Top of Data segment

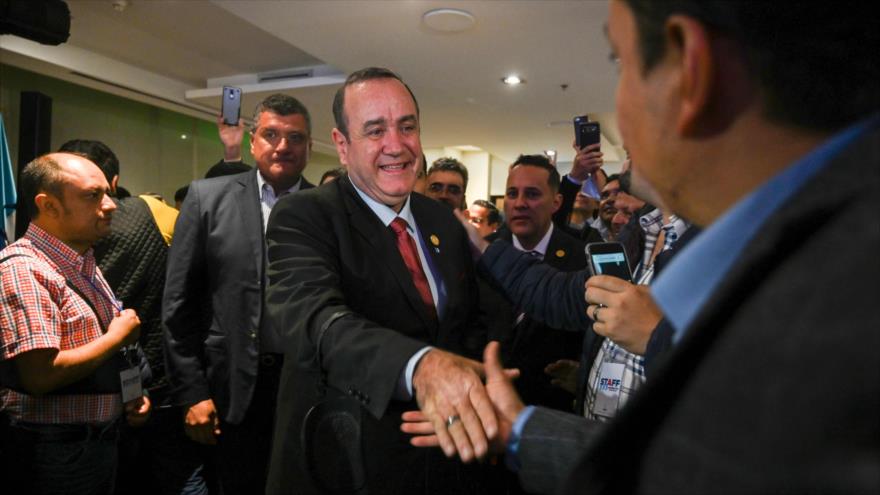 Conservador Giammattei gana las presidenciales en Guatemala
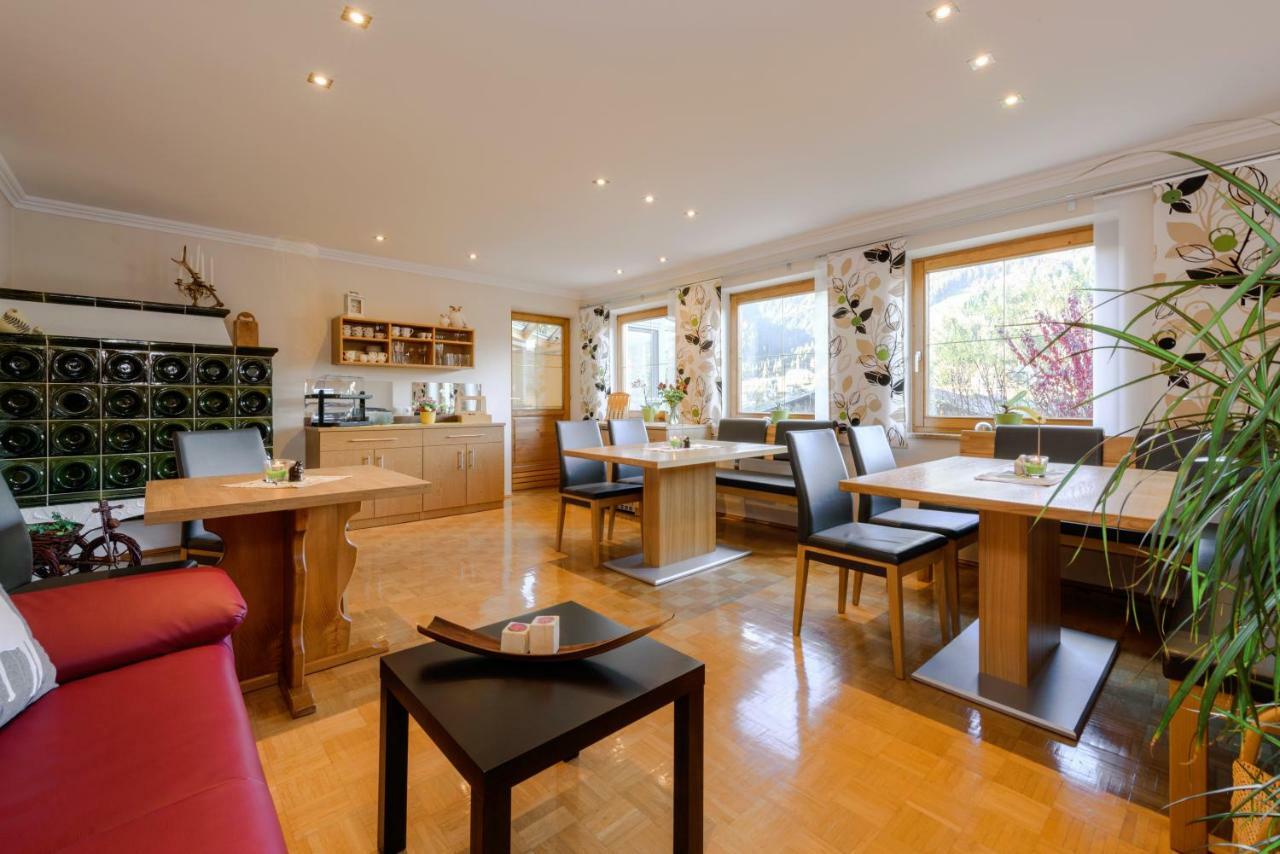 Haus Silvia Hotel Flachau Bagian luar foto
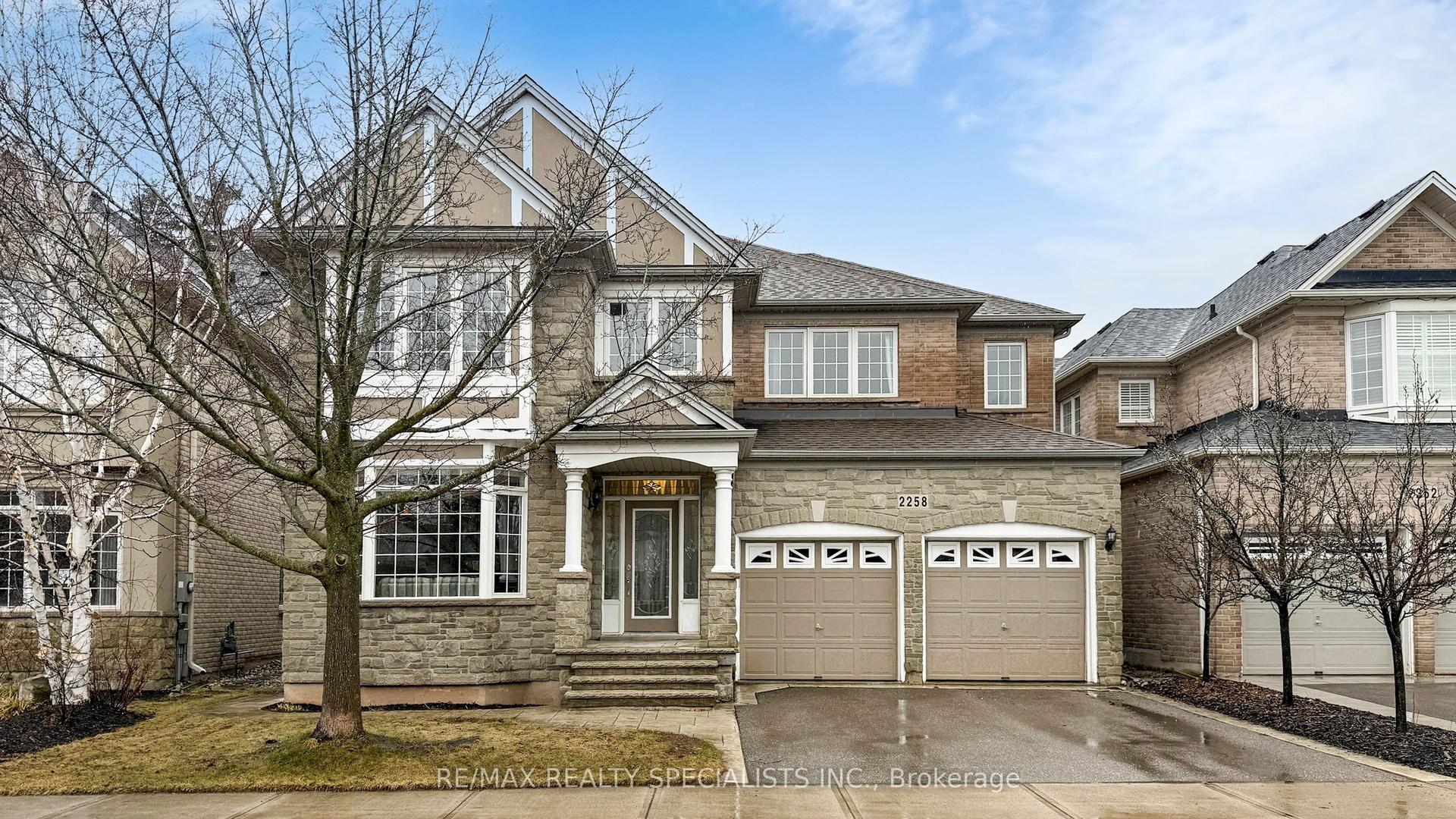 2258 Rochester Circle, Oakville — Detached for sale, photo 1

Bottom of Data segment

Action item: Every line in the data above needs to be given again exactly, pictures aside.

Reply:
 Conservador Giammattei gana las presidenciales en Guatemala
 Haus Silvia Hotel Flachau Bagian luar foto
 2258 Rochester Circle, Oakville — Detached for sale, photo 1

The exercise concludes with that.